Escrevi ainda para o Diário de Notícias, para a revista do Independente e para o semanário Se7e, outra publicação há muito extinta para que trabalhei durante três anos. No Se7e fiz muito trabalho de crítica, expandi horizontes, viajei para entrevistar gente como David Bowie e Bryan Ferry, falei com Rage Against the Machine, Sonic Youth ou Kraftwerk e fiz trabalhos curiosos em torno do então nascente hip hop português ou da “morte do vinil”... que afinal não morreu e ainda bem...

Também escrevi para revistas como a Numero ou a Op., criação independente a que estive ligado desde o primeiro ao último momento antes de ingressar no/a Blitz, publicação em que comecei a assinar textos em 2004. De Fela Kuti aos nascentes blogues de MP3, de DJ Premier à nova geração funk, tive ainda muito espaço para desenvolver trabalho antes do Blitz se transformar na Blitz em 2006 e passar a ser uma revista mensal.

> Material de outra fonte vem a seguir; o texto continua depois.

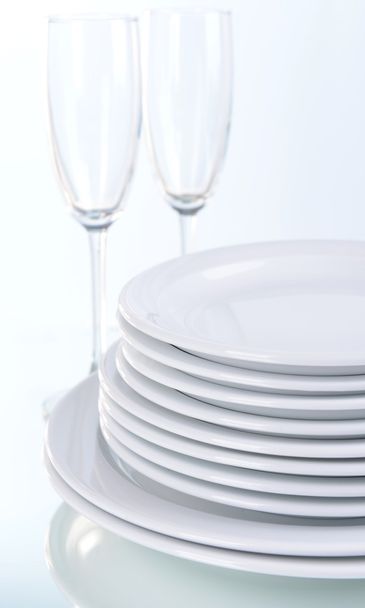 Set of white dishes on table on light background - Fotó, kép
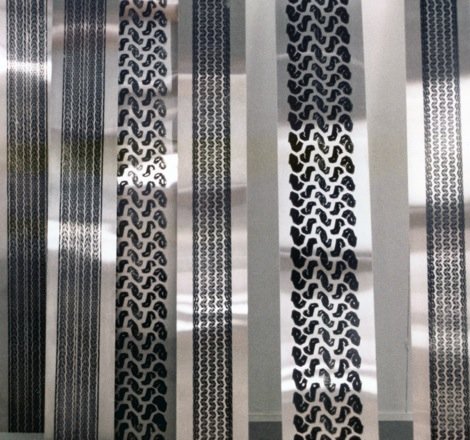 Close-up of metal strips with various perforated patterns, some with small holes and others with intricate cutouts.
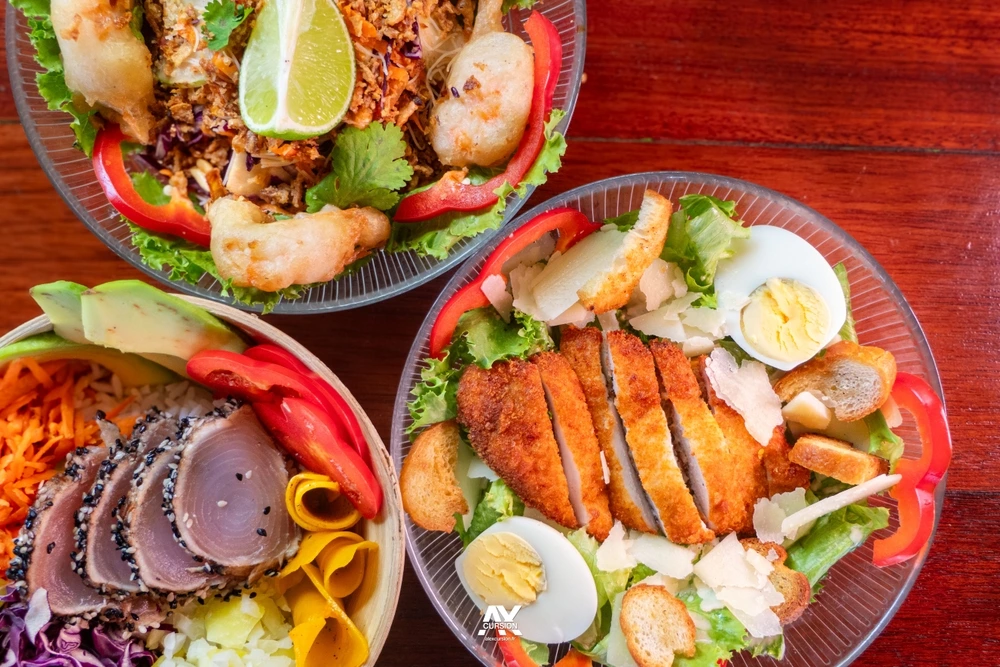 An array of colourful Caribbean food in glass dishes on a wooden table.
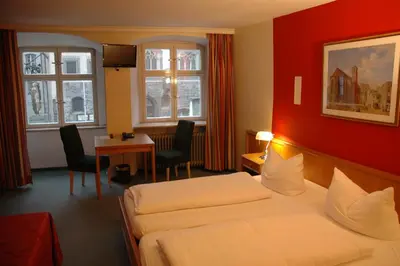 Ein Bett oder Betten in einem Zimmer der Unterkunft Hotel Paulanerstuben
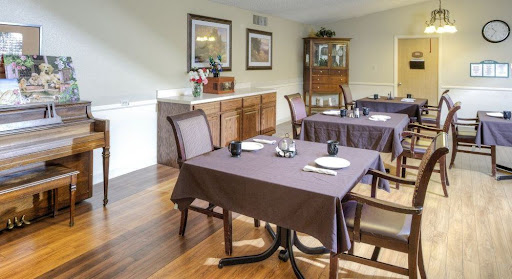 A cozy dining room setup featuring wooden tables and chairs with brown tablecloths, complemented by wall decorations and a decorative cabinet.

Nesta dúzia de anos, trabalhei continuamente para a revista e foi aí que assinei alguns dos meus trabalhos de maior fôlego. Entrevistei muita gente - de Mark E Smith a Carlos do Carmo, de Lawrence a Van Dyke Parks, de Alice Cooper a Bill Callahan. Assinei trabalhos de capa com Sonic Youth ou Joy Division, com Mão Morta ou Kendrick Lamar, investiguei o passado de António Variações ou de Carlos Paredes, escrevi sobre José Afonso e Bob Dylan, sobre Tom Waits e Velvet Underground e produzi centenas de críticas de discos.

Ao mesmo tempo fui sempre fazendo rádio, na Antena 3 e na RDP África, fingi ser DJ pontualmente (e continuo a fingir, sempre que apanho alguém distraído), dei e dou aulas na Etic - sempre em torno da música - e criei, em 2015, a plataforma online rimasebatidas.pt. Esta revista digital tem-se focado na electrónica e no hip hop e será aí que continuarei a publicar o essencial do meu trabalho que versa sobre esses vastos territórios.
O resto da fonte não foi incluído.